It is with deep sadness that we announce the passing of Michael L. Quinn, FAIA, co-founder of Quinn Evans Architects and a visionary in the practice of architecture and historic preservation.
Mike was much loved and admired within the QEA family. In 1984, he and another University of Michigan graduate, David Evans, launched our firm. He was highly influential in the fields of design, preservation architecture, and urban revitalization; and his many award-winning projects are a testament to his exceptional creativity and professionalism. Mike mentored us, encouraged us, challenged us, and inspired us, and we are privileged to have known him.
Donations can be made to the Michael L. Quinn and David S. Evans Endowed Scholarship, the Michigan Theater, and the Smile Train.
Michael Lee Quinn, FAIA, co-founder of Quinn Evans Architects and long-time champion of historic preservation and urban revitalization, passed away on January 25, 2018. He was 70 years old.
One of the nation’s most accomplished and respected architects, Quinn enjoyed a career that spanned more than 45 years. He and co-founder David S. Evans, FAIA, launched Quinn Evans Architects in 1984, beginning as a two-person practice with offices in Washington, D.C., and Ann Arbor, Michigan. Their vision for a preservation-based practice, focusing on meticulous research, design authenticity, economic viability, and long-term sustainability, quickly met with success. Quinn Evans Architects soon earned high-profile historic preservation commissions including the Michigan State Capitol in Lansing, the Wayne County Courthouse in Michigan, and the Smithsonian Institution’s Arts and Industries building in Washington, DC. Today, the firm has grown to more than 140 employees and is nationally recognized for its work in the preservation field.
Quinn studied architecture at the University of Michigan and subsequently spent two years with the Peace Corps in Barbados. He continued his academic career studying architecture in the Danish International Studies Program in Copenhagen, then returned to the University of Michigan to earn his master’s degree in architecture. In 1974, while working with the firm of Preservation Urban Design, Inc., he met another Michigan grad, David Evans. Both men held a passion for pursuing urban design and planning initiatives to aid in the revitalization of struggling downtowns, including Detroit. Quinn’s work in this area helped lead in part to the founding of the National Trust for Historic Preservation’s National Main Street program.
A hands-on professional who cared deeply about each project and client, Quinn played a leading role in many notable projects, including Frank Lloyd Wright’s Pope-Leighey house in Alexandria, Va.; the City Opera House in Traverse City, Mich.; the Wren Building at the College of William & Mary in Williamsburg, Va.; the Hill Auditorium at the University of Michigan; the Colorado State Capitol dome in Denver; the Academy Art Museum in Easton, Md.; the Milwaukee Federal Building and Old Courthouse; the Concert Hall at the John F. Kennedy Center for the Performing Arts in Washington, D.C.; the Peabody Conservatory of Music at Johns Hopkins University in Baltimore; and the Eisenhower Executive Office Building and the U.S. Treasury Building in Washington, D.C.

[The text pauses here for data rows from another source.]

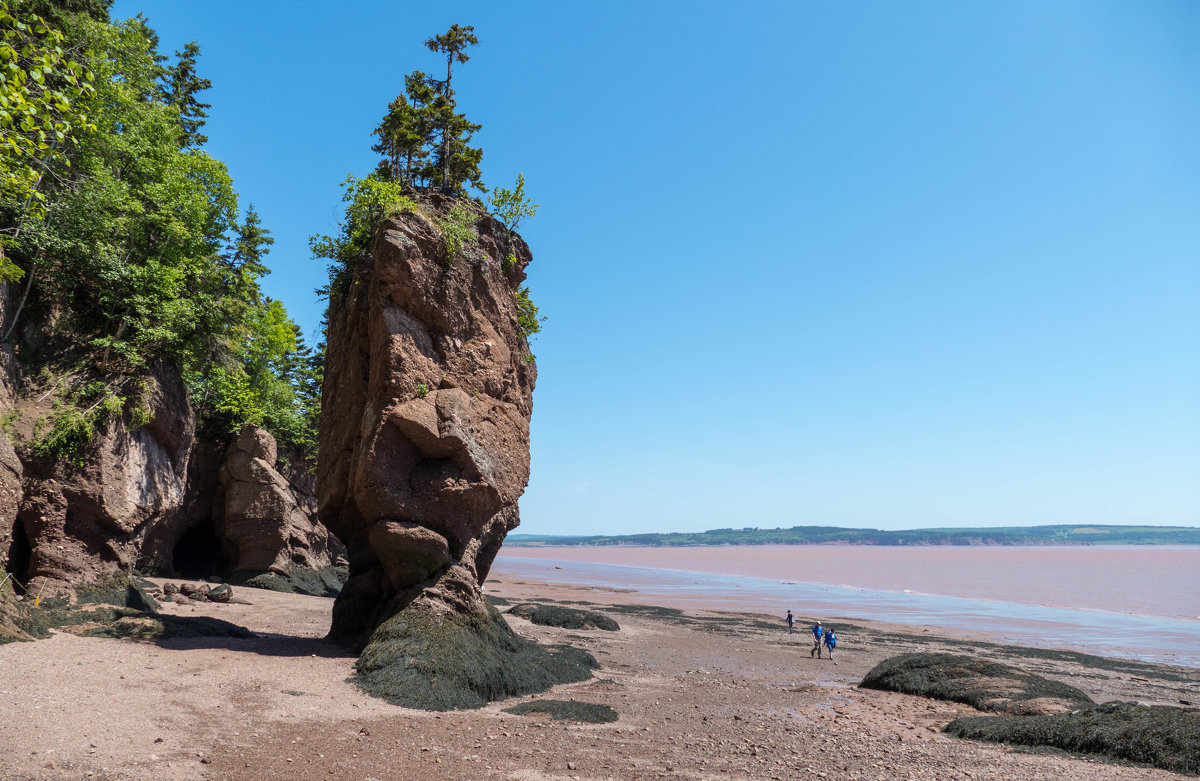 Еще одна скала во время отлива (Hopewell Cape Rocks). Канада. - Юрий Поляков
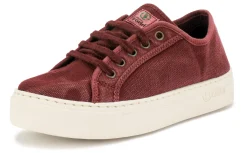 Old Gavi
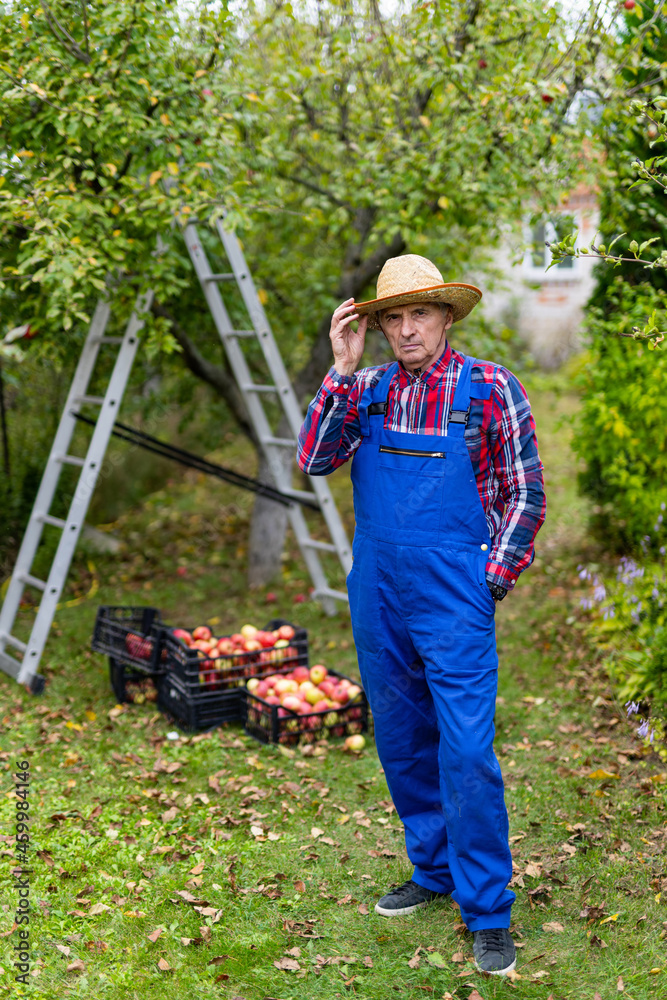 农民把水果放进篮子后，戴着帽子对着镜头摆姿势。老人正在收集成熟的水果或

Quinn served as a peer reviewer for the U.S. General Services Administration’s Design Excellence Program, as a juror for state and national design awards programs, and on the Alumni Society Board of Governors for the University of Michigan’s Taubman College of Architecture and Urban Design. He received the Michigan Historic Preservation Network Lifetime Achievement Award. In recognition of his design accomplishments and decades of contributions to the profession, Quinn also earned the distinction of Fellow in the American Institute of Architects. In 2017, Mike Quinn and David Evans were honored by Quinn Evans Architects with the establishment of the Michael L. Quinn and David S. Evans Endowed Scholarship Fund at the University of Michigan.